Campsites in August will be busy as will Aires. Nearly every town has a municipal campsite at a much lower cost than a normal campsite and many are lovely.

You have a big advantage with a little VW as it will get under height barriers and open up all sorts of opportunities that larger motorhomes cant get to.

I would recommend you get a 20 litre extra water carrier with a tap to add to the small container most VW's have. We have 120 litres on board but still carry an extra 20 litre backup.

Do your research and this is the best place to start and you will have a fab time.

I love the VW's me and my pals were out in one last night for a wild Saturday night out on the town. We have been to 17 Scottish islands in it. I have a 6 berth myself but nothing makes me smile as much as when we go on a road trip in the old VW. Yours looks fantastic.

If I think of anything else I will post it.

Regards
Barry


----------



## Sizer1 (Jul 11, 2010)

Thanks for that, the link is spot on and will come in handy.

TBH the route was created by someone on another forum, we have no knowledge of France, 10 days and thats what they came up with. We probably wont stick to it to the letter but its certainly a good start.

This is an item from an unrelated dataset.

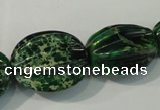 CDE967 10*15mm - 24*33mm star fruit shaped dyed sea sediment jasper beads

We both like History etc.. and I love a good photo opportunity. We both love the VW and dya know, I have no idea how much water it holds...lol..best look into that!


----------



## gaspode (May 9, 2005)

Sizer1 said:


> It seems my post was edited by mods so Ill re-write what I had put :
> 
> Thanks for all the replies. I will keep looking for new ones but unfortunately I cant and am not willing to pay £10 to post on a forum created by the users.
> 
> ...


Hi

Your post was no doubt edited by one of the mods because you have created this duplicate account in order to avoid becoming a subscriber after using your five free posts under the "sizer" username. This is against the forum rules and therefore your duplicate account will be suspended, as will any further duplicate accounts that you create. By creating duplicate accounts you effectively defraud all the existing subscribers who have already paid to become subscribers and participate fully in the forum.


----------



## Sizer1 (Jul 11, 2010)

Text removed by moderators


----------



## Grizzly (May 9, 2005)

Sizer...we pay our £10 so that the excellent facilities on this site can be maintained. It's existance in cyberspace costs money: server fees, maintenance, site development so all the bells and whistles are there and so on. 

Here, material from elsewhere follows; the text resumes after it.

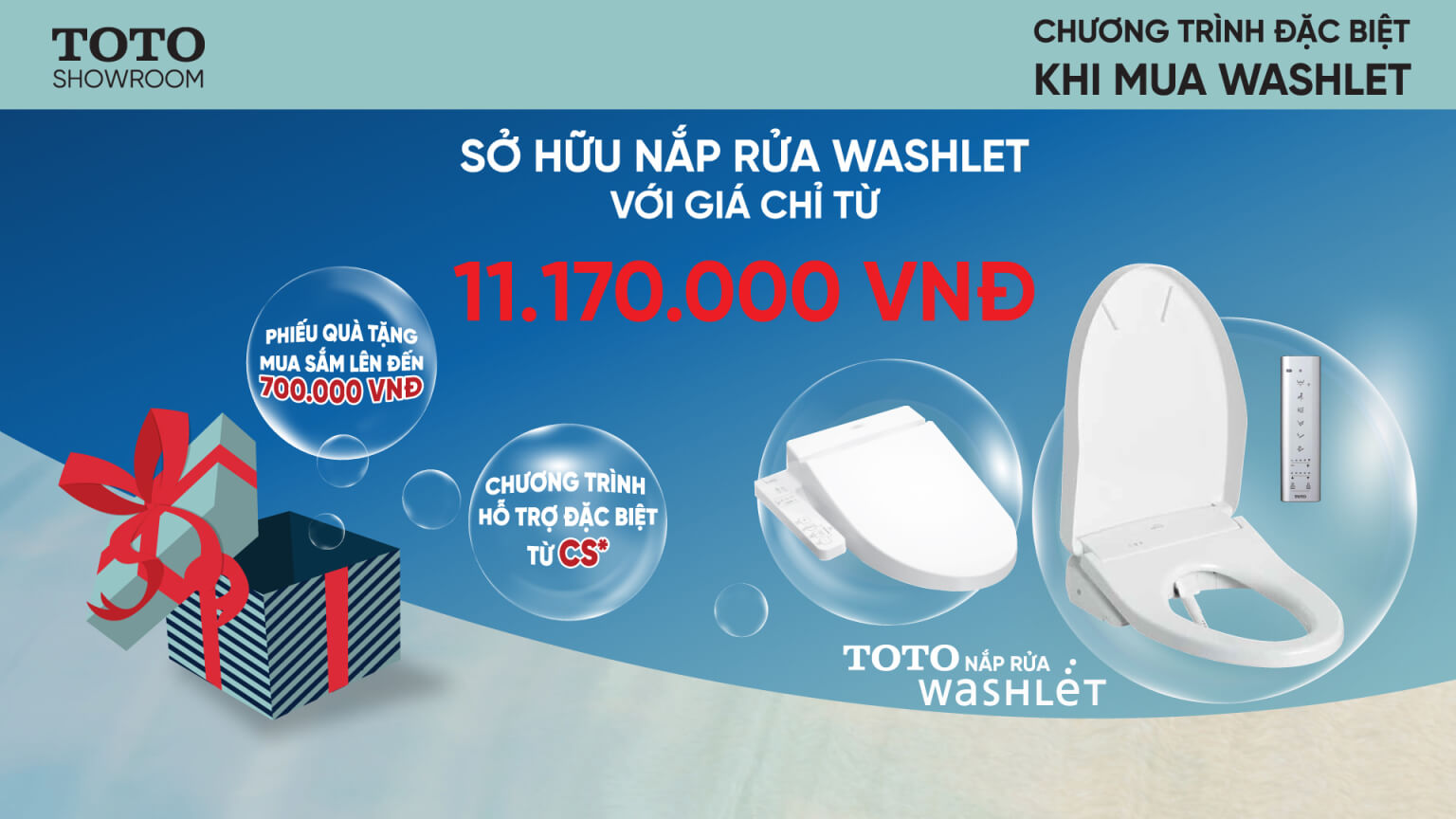 Chương trình tặng ngay naows rửa điện tử Washlet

Sure, the users provide the content but without a platform we could not do that. Frankly the information we've gleaned and the friendships we've made from here over the years has been worth and saved us many many times more that the £10 per year.

I think you will find it a sound investment and hope you won't leave.

G


----------



## raynipper (Aug 4, 2008)

Hi Sizer, pay yer subs.

The 'Route Touristique' down the west coast of the Cherbourg Peninsular (D650) is riddled with free airs that have toilet facilities.

Carteret, Barneville, Portbail, Lindburg Plage (dunes galore), Denneville, Pirou, etc. etc.

Ray.


----------



## barryd (May 9, 2008)

Best tenner I ever spent Sizer. Im not very practical and have had so much advice and help on here so its been well worth it. The resources for touring France are endless and everyone is more than willing to go out of there way to help you.


----------



## tonka (Apr 24, 2006)

""" LINK and help removed"...  
I just read the posters comment above about the £10 fee !!

Best £10 I've ever spent as well !!!!!!!!!!!!!!!!!!!!!!


----------



## vwwesty (Jul 30, 2010)

Hi there

I have just returned from a similar trip in our vw camper, so thought id let you know how we done

We came in through dunkiirque and drove all night to our first stop on omaha beach camping, and bagged a great spot overlooking the beech from a cliff top, we then drove to mont st michel and stayed the night in the car park right in front of the mont and by the sea










we then headed straight for la rochelle for a few days and then over on a ferry from Royan and drove to Montalivet and stopped for about 3 days to sample the delights of the great beach,
including the naturist beech that was joined to the euronat campsite. That was a great expeirience!!










A few more stops along the coast including the dune du pyla, ( a great place and we camped right at the bottom of it),










ending up in hossegor for 4 days & more beach! onto Biarritz ,then Lourdes, back to Biarritz staying on the Aire and then into spain.

A few nights in san sebastien and a night in Santander which is a fantastic town.

just over 2000 miles and not one fault with the van, possibly due to my rigerous maintenance regime

We came back to the UK on the ferry from Santander, and that was such a great end to the holiday.










We use a camping gaz toilet for when on the aires, and it fits nicely between your sink and gas cupboard as we have the same van layout as you. If we stay on a campsite it then goes in the awning.


----------



## barryd (May 9, 2008)

vwwesty.

Your van is fantastic! What a lovely example. A proper camper van. Sounds like a brilliant trip. I have so many happy memories of trips in the old VW.


----------